B. Sanctions Pursuant to Rule 37(e) of the Federal Rules of Civil Procedure
Spoliation is "the destruction or material alteration of evidence or the failure to preserve property for another's use as evidence in pending or reasonably foreseeable litigation." Silvestri v. Gen. Motors Corp., 271 F.3d 583, 590 (4th Cir. 2001). Spoliation must involve more than the "negligent loss or destruction of evidence," as "the alleged destroyer must have known that the evidence was relevant to some issue in the anticipated case, and thereafter willfully engaged in conduct resulting in the evidence's loss or destruction. Turner v. United States, 736 F.3d 274, 282 (4th Cir. 2013). A district court's power to sanction spoliation derives from two sources, Rule 37(e) and its "inherent power . . . to redress conduct 'which abuses the judicial process.'" Id. (quoting Chambers v. NASCO, Inc., 501 U.S. 32, 45 (1991)).

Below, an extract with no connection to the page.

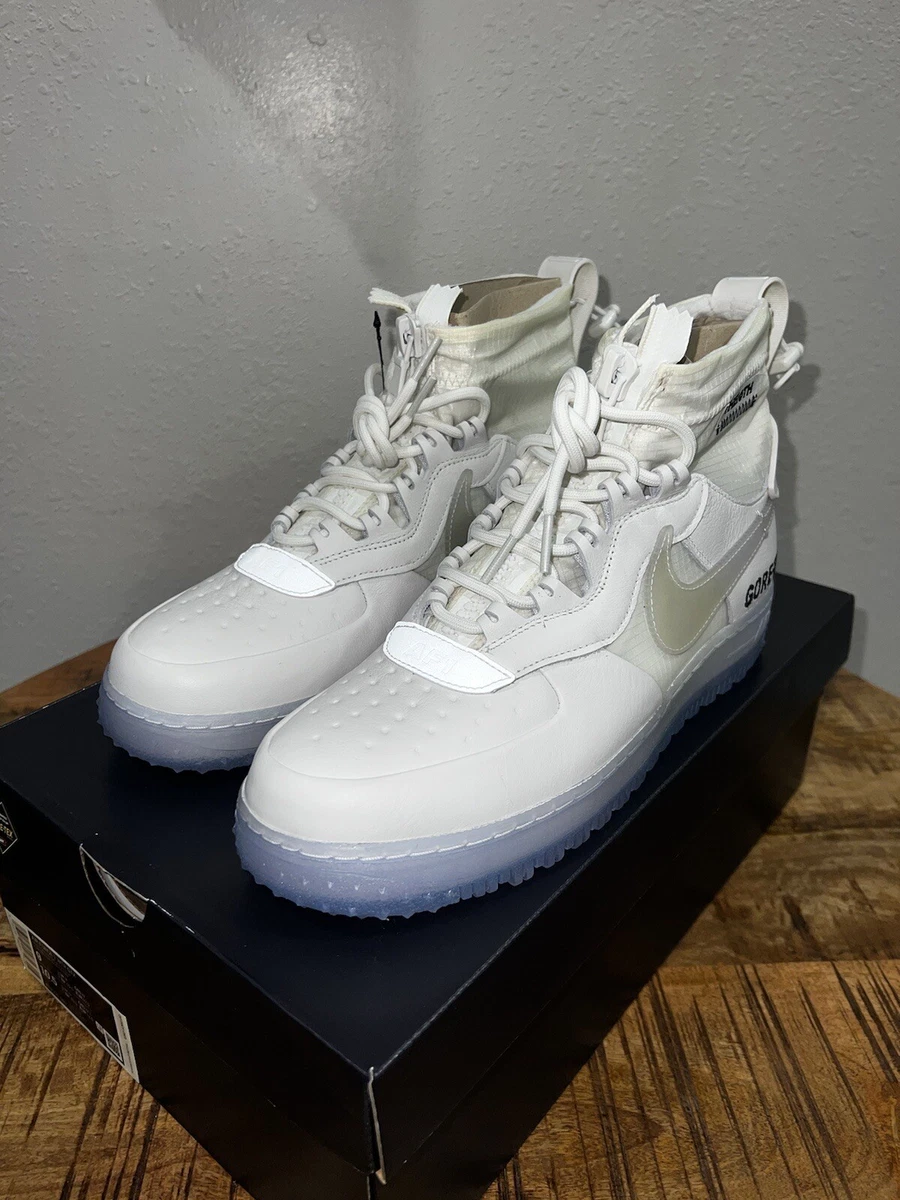 Nike Air Force 1 High Gore-Tex White for Sale | Authenticity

Rule 37(e) governs the spoliation analysis for electronically stored information ("ESI"). It provides:
If electronically stored information that should have been preserved in the anticipation or conduct of litigation is lost because a party failed to take reasonable steps to preserve it, and it cannot be restored or replaced through additional discovery, the court:
(1) upon finding prejudice to another party from loss of the information, may order measures no greater than necessary to cure the prejudice; or
(2) only upon finding that the party acted with the intent to deprive another party of the information's use in the litigation may:
Fed. R. Civ. P. 37(e).(A) presume that the lost information was unfavorable to the party;
(B) instruct the jury that it may or must presume the information was unfavorable to the party; or
(C) dismiss the action or enter a default judgment.

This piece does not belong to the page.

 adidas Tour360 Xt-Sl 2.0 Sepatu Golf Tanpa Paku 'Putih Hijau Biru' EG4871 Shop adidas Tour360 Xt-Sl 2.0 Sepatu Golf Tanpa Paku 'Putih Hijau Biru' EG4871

"In order to warrant sanctions under Rule 37(e), which concerns only electronically stored information, certain threshold elements must be established: (1) the information should have been preserved, (2) the information was lost, (3) the loss occurred because a party failed to take reasonable steps to preserve it, and (4) the information cannot be restored or recovered through additional discovery." In re Ethicon, Inc. Pelvic Repair Sys. Prods. Liab. Litig., MDL No. 2327, No. 2:12-cv-00497-JRG, 2016 WL 5869448, at *3 (S.D. W.Va., Oct. 6, 2016). If these four initial requirements are satisfied, Rule 37 "next establishes two different avenues parties can take to demonstrate that sanctions are warranted." Id. "The first avenue, Rule 37(e)(1), requires a court to make a finding of prejudice before sanctions may be warranted. The second avenue, Rule 37(e)(2), requires a court to make a finding that a party acted with the intent to deprive the opposing party" of the ESI. Id. Courts have broad discretion when deciding whether to impose spoliation sanctions. See Turner, 736 F.3d at 281.
III. Discussion
Plaintiff contends that Defendant SCDC failed to preserve certain emails containing documents that Thomas Roth reviewed in drafting the Roth Report. (Dkt. No. 85 at 27.) Existence of these documents came to light when Mr. Roth produced a flash drive containing approximately 305 emails and 1,788 pages of attachments, in response to Plaintiff's August 2019 third-party deposition subpoena. (Dkt. No. 101 at 15.) Plaintiff contends that these and potentially other documents that Defendant SCDC supplied to Mr. Roth should have been captured from SCDC's servers and produced. (Dkt. No. 85 at 24.) Defendant SCDC argues that it could not identify and produce any such documents because their time-sensitive secure links expired and were automatically deleted (Dkt. No. 125 at 9, No. 128), but, in any event, the information remains discoverable by other means (Dkt. No. 101 at 20, 22).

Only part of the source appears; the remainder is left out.